Dawson, 71, has manned Mount Davis for the Oakland A’s for two years, barring curious fans from the towering seating block in center field because the team has refused to open it. He used to work this area alone; for the final week before the A’s decamp first to Sacramento, then to Las Vegas, the team has increased its security guards to three and then to six. 

In Wednesday’s first few innings, a dozen people tried to sneak up, their strategies varying from claiming that their tickets are up here to offering bribes to begging. Dawson and his colleagues want to let them up—“I kind of feel for them,” he says—but their orders are strict. 

Mount Davis, named for the late Oakland Raiders owner Al Davis, has drawn gawkers since it went up in 1996 to lure the football team back from Los Angeles with more capacity. The steeply pitched seats, rising well over 100 feet above the playing surface at what feels like a 75-degree angle, cause vertigo nearly as stomach-turning as the A’s treatment of their fans.

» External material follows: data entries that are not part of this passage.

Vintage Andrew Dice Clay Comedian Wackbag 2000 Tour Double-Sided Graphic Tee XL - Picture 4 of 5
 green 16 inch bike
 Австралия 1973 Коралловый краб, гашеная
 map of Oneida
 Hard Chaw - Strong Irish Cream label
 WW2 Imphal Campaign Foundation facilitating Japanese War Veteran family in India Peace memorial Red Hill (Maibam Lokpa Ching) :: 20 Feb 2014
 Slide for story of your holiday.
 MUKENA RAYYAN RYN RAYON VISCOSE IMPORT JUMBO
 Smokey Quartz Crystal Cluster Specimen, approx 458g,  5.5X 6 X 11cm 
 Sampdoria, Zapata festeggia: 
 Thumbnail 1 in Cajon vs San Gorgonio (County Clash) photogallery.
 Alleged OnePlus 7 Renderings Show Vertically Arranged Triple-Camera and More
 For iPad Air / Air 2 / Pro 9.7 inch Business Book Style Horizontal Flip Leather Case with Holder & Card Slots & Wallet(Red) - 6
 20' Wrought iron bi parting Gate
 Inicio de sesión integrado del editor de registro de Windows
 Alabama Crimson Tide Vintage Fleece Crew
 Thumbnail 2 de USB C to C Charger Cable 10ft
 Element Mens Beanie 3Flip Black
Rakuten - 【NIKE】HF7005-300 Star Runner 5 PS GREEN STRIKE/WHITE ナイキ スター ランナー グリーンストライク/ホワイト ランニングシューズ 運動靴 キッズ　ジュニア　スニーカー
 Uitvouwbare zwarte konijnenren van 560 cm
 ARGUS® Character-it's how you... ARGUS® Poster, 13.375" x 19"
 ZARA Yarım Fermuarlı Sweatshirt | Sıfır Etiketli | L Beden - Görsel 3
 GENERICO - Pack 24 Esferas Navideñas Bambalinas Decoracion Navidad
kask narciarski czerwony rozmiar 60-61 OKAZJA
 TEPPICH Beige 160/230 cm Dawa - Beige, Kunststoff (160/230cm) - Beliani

From the very top, it’s impossible to see most of the outfield. But the views of the Bay Area, all the way to San Francisco, are extraordinary, as is the view of the crowd. 

View of Oakland Coliseum from Mount Davis
Mount Davis provides a stunning view of the Oakland Coliseum and beyond. / Stephanie Apstein/Sports Illustrated

There haven’t been too many people permitted to enjoy those views in recent years. As attendance fell, both teams stretched tarpaulins across the top section, eliminating some 8,100 seats. Mount Davis was last open to fans regularly in 2012 and at all for the A’s ’19 wild-card game loss to the Tampa Bay Rays. 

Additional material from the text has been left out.